- GIVEN DATA:
▬▬▬▬▬▬▬▬▬▬
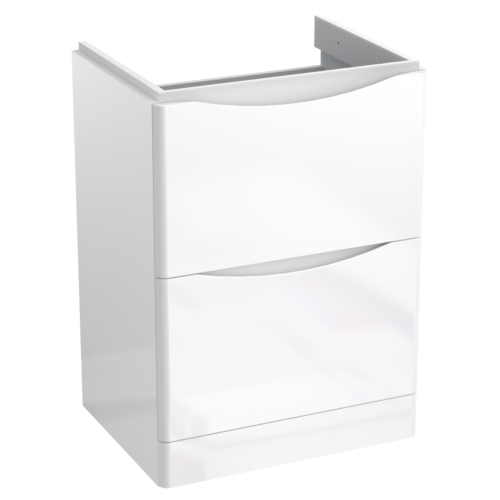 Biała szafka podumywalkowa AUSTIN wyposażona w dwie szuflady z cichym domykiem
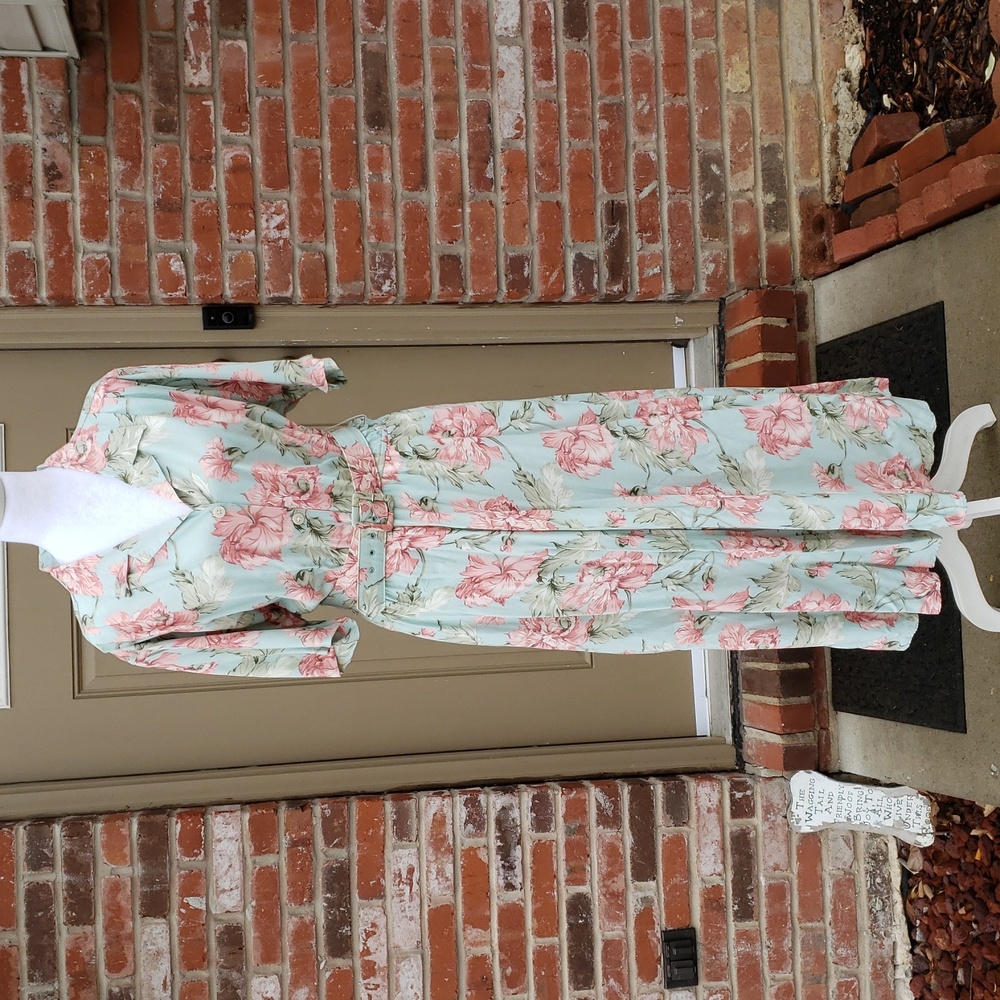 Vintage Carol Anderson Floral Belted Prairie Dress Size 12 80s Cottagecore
▬▬▬▬▬▬▬▬▬▬
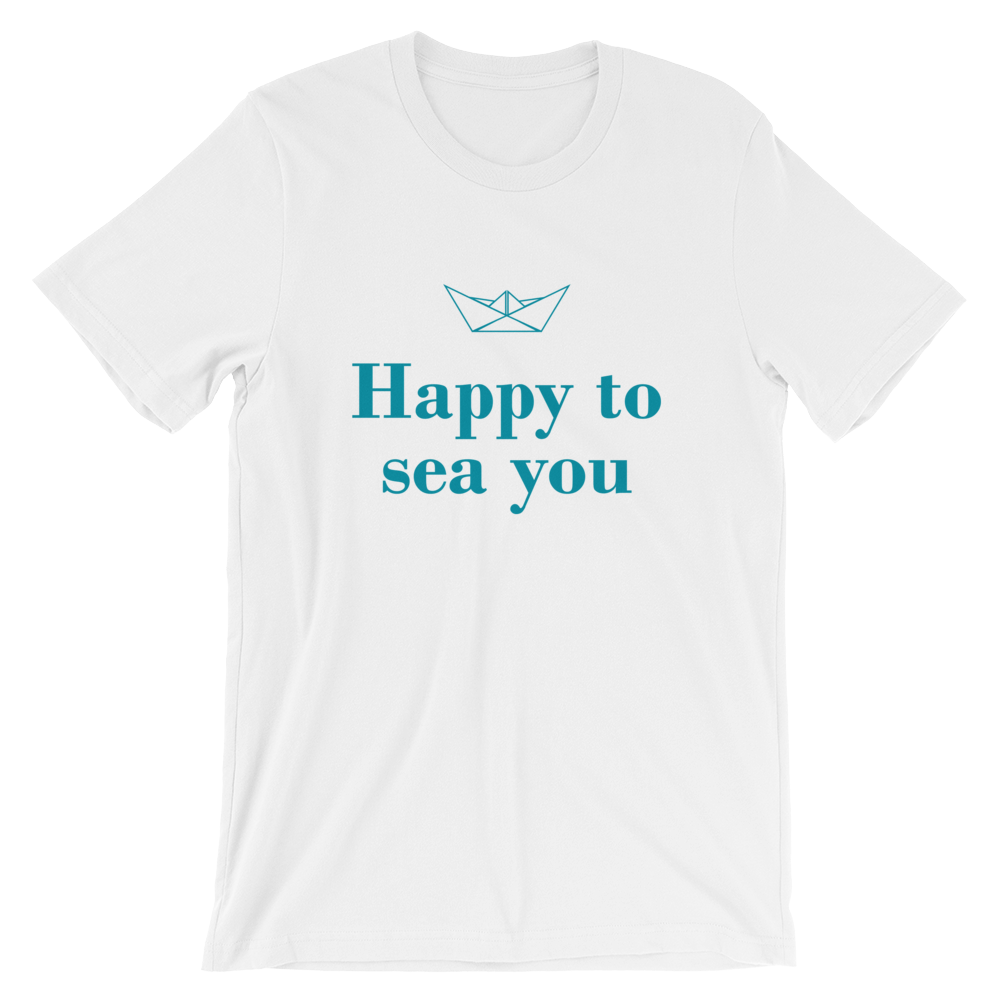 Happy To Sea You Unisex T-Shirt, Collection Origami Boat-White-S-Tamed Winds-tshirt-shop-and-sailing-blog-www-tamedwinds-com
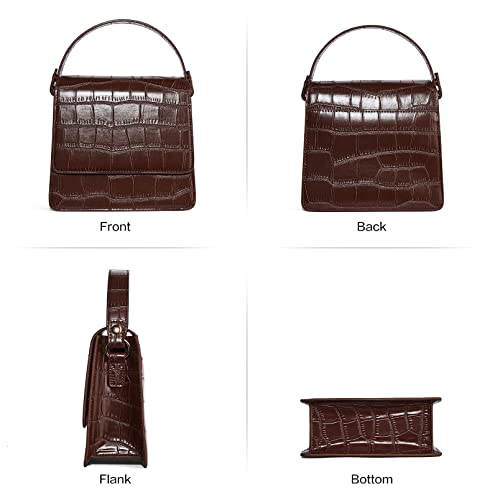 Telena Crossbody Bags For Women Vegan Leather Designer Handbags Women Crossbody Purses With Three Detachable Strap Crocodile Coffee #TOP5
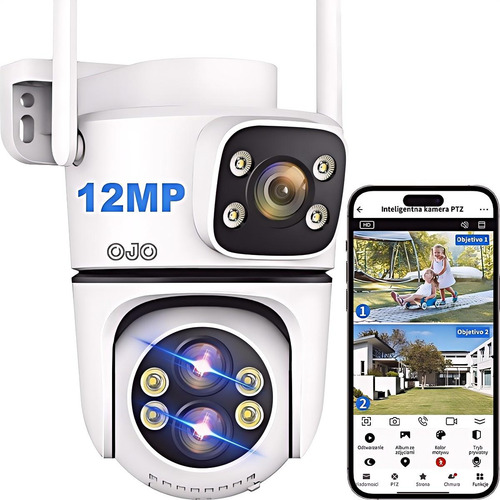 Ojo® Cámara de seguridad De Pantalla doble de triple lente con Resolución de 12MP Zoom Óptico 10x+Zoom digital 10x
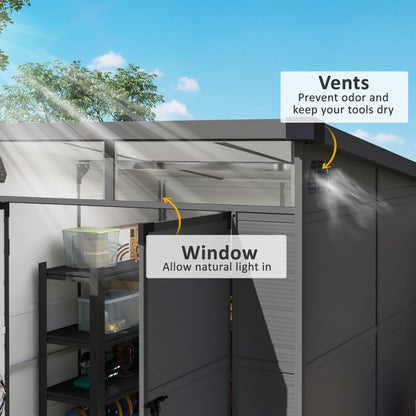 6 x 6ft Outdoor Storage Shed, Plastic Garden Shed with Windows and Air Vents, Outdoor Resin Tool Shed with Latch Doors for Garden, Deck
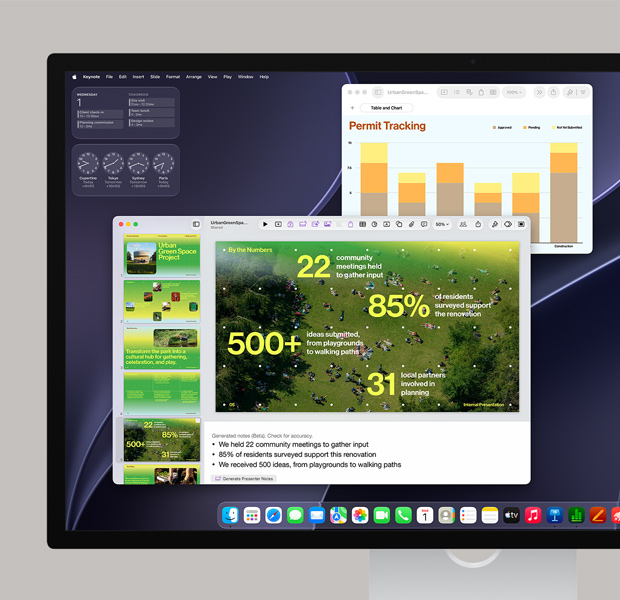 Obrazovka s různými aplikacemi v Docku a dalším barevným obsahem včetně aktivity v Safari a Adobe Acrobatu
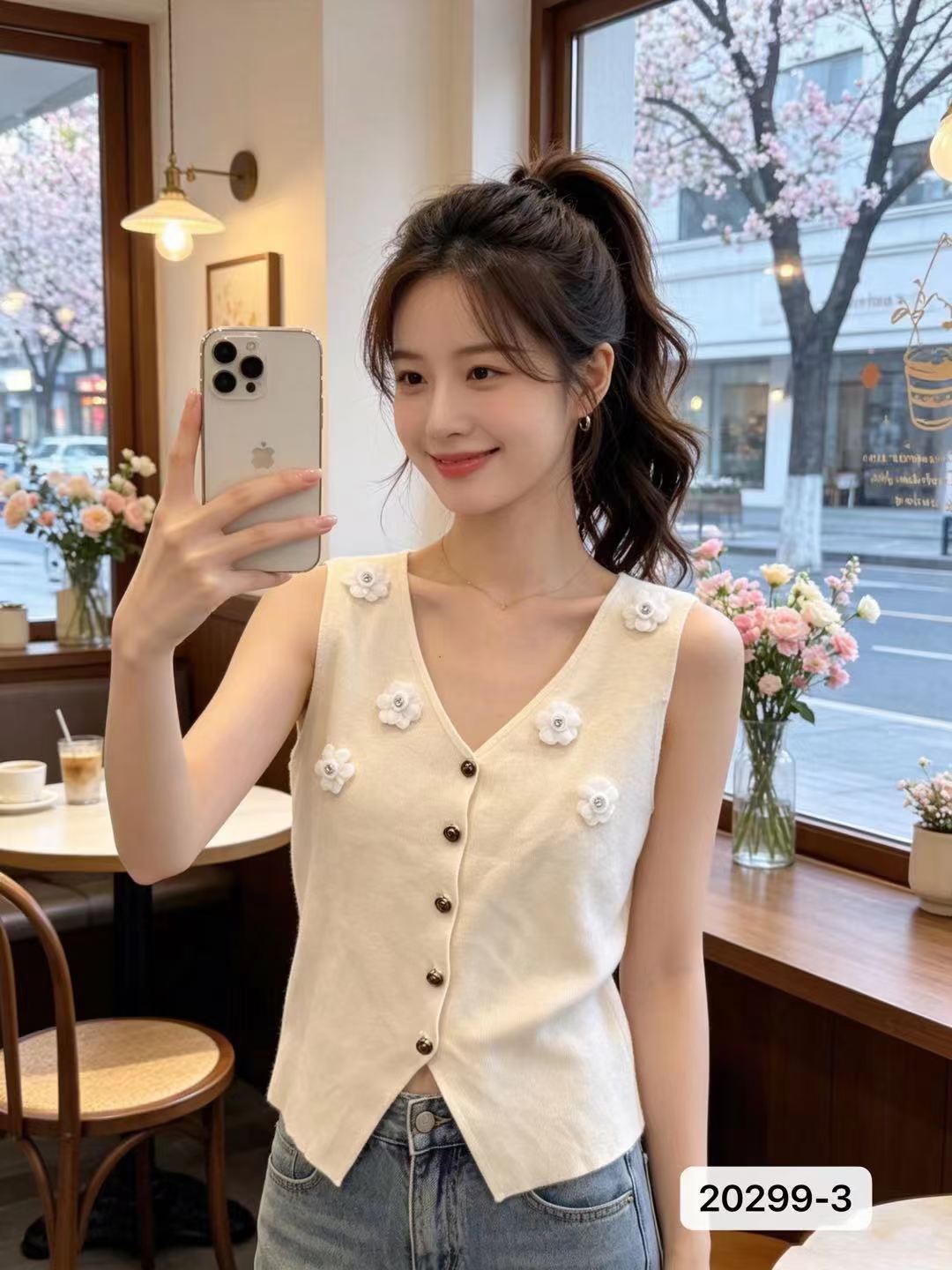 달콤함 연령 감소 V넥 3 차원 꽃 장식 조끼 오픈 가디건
▬▬▬▬▬▬▬▬▬▬
- WORK ITEM:
Out of the records above, please copy exactly the lines from the line with "Biała szafka podumywalkowa" up to and including the line with "Vintage Carol Anderson", minus the pictures.

- TASK SOLUTION:
 Biała szafka podumywalkowa AUSTIN wyposażona w dwie szuflady z cichym domykiem
 Vintage Carol Anderson Floral Belted Prairie Dress Size 12 80s Cottagecore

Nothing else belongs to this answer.